---------- Given data ----------

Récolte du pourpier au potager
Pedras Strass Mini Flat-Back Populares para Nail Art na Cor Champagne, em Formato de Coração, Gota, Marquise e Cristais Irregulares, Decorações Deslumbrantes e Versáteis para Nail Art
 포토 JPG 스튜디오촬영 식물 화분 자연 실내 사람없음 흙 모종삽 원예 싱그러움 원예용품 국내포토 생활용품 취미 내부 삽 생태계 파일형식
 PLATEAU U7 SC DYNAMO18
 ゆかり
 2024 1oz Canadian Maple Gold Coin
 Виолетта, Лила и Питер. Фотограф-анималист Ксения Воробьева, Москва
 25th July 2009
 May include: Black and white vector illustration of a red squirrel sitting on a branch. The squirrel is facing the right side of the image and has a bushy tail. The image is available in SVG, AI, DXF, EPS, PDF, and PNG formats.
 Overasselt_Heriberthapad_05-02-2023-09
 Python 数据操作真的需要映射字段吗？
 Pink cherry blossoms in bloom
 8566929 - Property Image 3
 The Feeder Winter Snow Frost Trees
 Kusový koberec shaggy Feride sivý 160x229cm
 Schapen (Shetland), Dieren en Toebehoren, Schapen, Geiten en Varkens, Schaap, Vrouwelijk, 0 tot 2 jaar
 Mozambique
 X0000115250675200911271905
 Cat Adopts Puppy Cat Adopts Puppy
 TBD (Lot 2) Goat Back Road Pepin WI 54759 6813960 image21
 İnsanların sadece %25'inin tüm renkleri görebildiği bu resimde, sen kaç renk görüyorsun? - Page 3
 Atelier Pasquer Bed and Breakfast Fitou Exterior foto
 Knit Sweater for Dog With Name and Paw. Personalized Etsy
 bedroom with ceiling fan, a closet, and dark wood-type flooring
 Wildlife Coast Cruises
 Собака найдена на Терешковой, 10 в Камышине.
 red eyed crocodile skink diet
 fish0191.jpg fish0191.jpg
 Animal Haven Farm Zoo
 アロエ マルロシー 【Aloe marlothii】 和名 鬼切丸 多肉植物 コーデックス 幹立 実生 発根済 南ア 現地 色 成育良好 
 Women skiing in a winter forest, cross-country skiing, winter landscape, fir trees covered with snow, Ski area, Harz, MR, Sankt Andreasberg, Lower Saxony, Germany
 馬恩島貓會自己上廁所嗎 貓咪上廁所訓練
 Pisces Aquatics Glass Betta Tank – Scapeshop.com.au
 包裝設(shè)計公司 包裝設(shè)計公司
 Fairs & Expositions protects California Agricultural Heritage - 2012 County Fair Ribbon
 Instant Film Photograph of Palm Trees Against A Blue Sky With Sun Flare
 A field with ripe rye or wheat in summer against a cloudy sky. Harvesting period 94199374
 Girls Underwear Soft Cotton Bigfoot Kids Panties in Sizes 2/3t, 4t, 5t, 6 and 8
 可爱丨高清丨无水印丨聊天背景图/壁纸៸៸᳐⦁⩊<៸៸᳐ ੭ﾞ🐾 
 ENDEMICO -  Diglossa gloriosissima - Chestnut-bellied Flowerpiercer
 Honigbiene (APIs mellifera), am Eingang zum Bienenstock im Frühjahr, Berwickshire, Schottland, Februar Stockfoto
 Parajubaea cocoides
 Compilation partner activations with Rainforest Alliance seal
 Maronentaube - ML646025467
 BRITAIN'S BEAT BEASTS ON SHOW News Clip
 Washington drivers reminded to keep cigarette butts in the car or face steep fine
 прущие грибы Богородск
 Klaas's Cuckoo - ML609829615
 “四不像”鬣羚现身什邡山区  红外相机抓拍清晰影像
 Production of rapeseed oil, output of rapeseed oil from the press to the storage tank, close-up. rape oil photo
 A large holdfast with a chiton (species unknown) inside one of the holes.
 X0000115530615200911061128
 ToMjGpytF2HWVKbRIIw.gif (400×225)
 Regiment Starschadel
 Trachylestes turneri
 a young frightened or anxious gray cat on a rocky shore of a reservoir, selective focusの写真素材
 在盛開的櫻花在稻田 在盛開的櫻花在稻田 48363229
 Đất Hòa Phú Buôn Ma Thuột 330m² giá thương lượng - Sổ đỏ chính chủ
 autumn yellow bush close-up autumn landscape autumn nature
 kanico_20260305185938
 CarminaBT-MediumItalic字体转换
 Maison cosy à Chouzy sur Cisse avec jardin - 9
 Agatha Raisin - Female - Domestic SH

----------

◆ **Work to be completed**
Beginning with the line that contains "Girls Underwear Soft", output each line of the listing above through the last one, exactly and with nothing added.

◆ **Result for this task**
 Girls Underwear Soft Cotton Bigfoot Kids Panties in Sizes 2/3t, 4t, 5t, 6 and 8
 可爱丨高清丨无水印丨聊天背景图/壁纸៸៸᳐⦁⩊<៸៸᳐ ੭ﾞ🐾 
 ENDEMICO -  Diglossa gloriosissima - Chestnut-bellied Flowerpiercer
 Honigbiene (APIs mellifera), am Eingang zum Bienenstock im Frühjahr, Berwickshire, Schottland, Februar Stockfoto
 Parajubaea cocoides
 Compilation partner activations with Rainforest Alliance seal
 Maronentaube - ML646025467
 BRITAIN'S BEAT BEASTS ON SHOW News Clip
 Washington drivers reminded to keep cigarette butts in the car or face steep fine
 прущие грибы Богородск
 Klaas's Cuckoo - ML609829615
 “四不像”鬣羚现身什邡山区  红外相机抓拍清晰影像
 Production of rapeseed oil, output of rapeseed oil from the press to the storage tank, close-up. rape oil photo
 A large holdfast with a chiton (species unknown) inside one of the holes.
 X0000115530615200911061128
 ToMjGpytF2HWVKbRIIw.gif (400×225)
 Regiment Starschadel
 Trachylestes turneri
 a young frightened or anxious gray cat on a rocky shore of a reservoir, selective focusの写真素材
 在盛開的櫻花在稻田 在盛開的櫻花在稻田 48363229
 Đất Hòa Phú Buôn Ma Thuột 330m² giá thương lượng - Sổ đỏ chính chủ
 autumn yellow bush close-up autumn landscape autumn nature
 kanico_20260305185938
 CarminaBT-MediumItalic字体转换
 Maison cosy à Chouzy sur Cisse avec jardin - 9
 Agatha Raisin - Female - Domestic SH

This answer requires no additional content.